- Brent, WTI reverse gains, resume slide
- Oil has fallen in four of the last five weeks
- Keystone pipeline shut down, Russia threatens to cut production
SINGAPORE/LONDON, Dec 12 (Reuters) – Oil prices fell on Monday, extending a multi-week slide, as a weakening global economy offset supply problems stemming from the shutdown of a key pipeline supplying the United States and Russia threats of output cuts.
Brent crude futures were down 38 cents, or 0.4%, at $75.72 a barrel by 0900 GMT. US West Texas Intermediate crude was at $70.76 a barrel, down 26 cents, or 0.3%.
Last week, Brent and WTI fell to their lowest since December 2021, on concerns that a possible global recession will affect oil demand.
China, the world’s biggest crude oil importer, continued to loosen its strict zero-Covid policy, even as the streets of the capital Beijing remained quiet and many businesses closed over the weekend.
On Monday, queues formed outside fever clinics in the cities of Beijing and Wuhan, where COVID first appeared three years ago.
“Oil markets are likely to remain volatile in the near term amid uncertainty about the impact on Russian output from the EU ban, headlines about China’s COVID policies and central bank moves in the US and Europe,” UBS analysts said in a note.
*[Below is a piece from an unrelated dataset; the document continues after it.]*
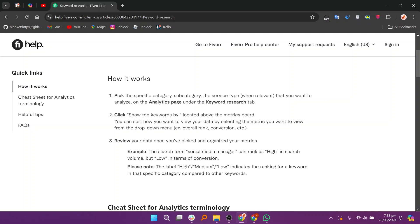You can sort how you want to view your data by selecting the metric you want to view from the dropdown menu, like overall rank, conversion, etc. Review your data once you've picked and organized your metrics.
UBS said it expected Brent to rise above $100 a barrel in the coming months amid supply constraints and rising demand while OPEC+ will keep supplies tight.
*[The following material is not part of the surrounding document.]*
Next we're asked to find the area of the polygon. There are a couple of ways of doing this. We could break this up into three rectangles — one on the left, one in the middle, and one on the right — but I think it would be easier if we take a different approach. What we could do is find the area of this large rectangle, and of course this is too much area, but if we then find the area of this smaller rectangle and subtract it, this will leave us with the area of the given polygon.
On Sunday, Canada’s TC Energy ( TRP.TO ) said it had not yet determined the cause of the Keystone oil pipeline leak last week in the United States. It did not provide a timeline for when the pipeline would resume operations.
The 622,000-barrel-per-day Keystone line is a critical artery that sends heavy Canadian crude to U.S. refineries.
Russian President Vladimir Putin said on Friday that Russia may cut production and will refuse to sell oil to any country that places a “stupid” price ceiling on Russian exports.
Saudi Arabia’s energy minister also said on Sunday that price cap measures had not produced any clear results yet.
“The new EU embargo on Russian crude oil… may present moderate upside risks to energy prices in the coming months. But supply uncertainty should ease by spring 2023, after the embargo on oil products expires (February 5),” Deutsche Bank said in a note.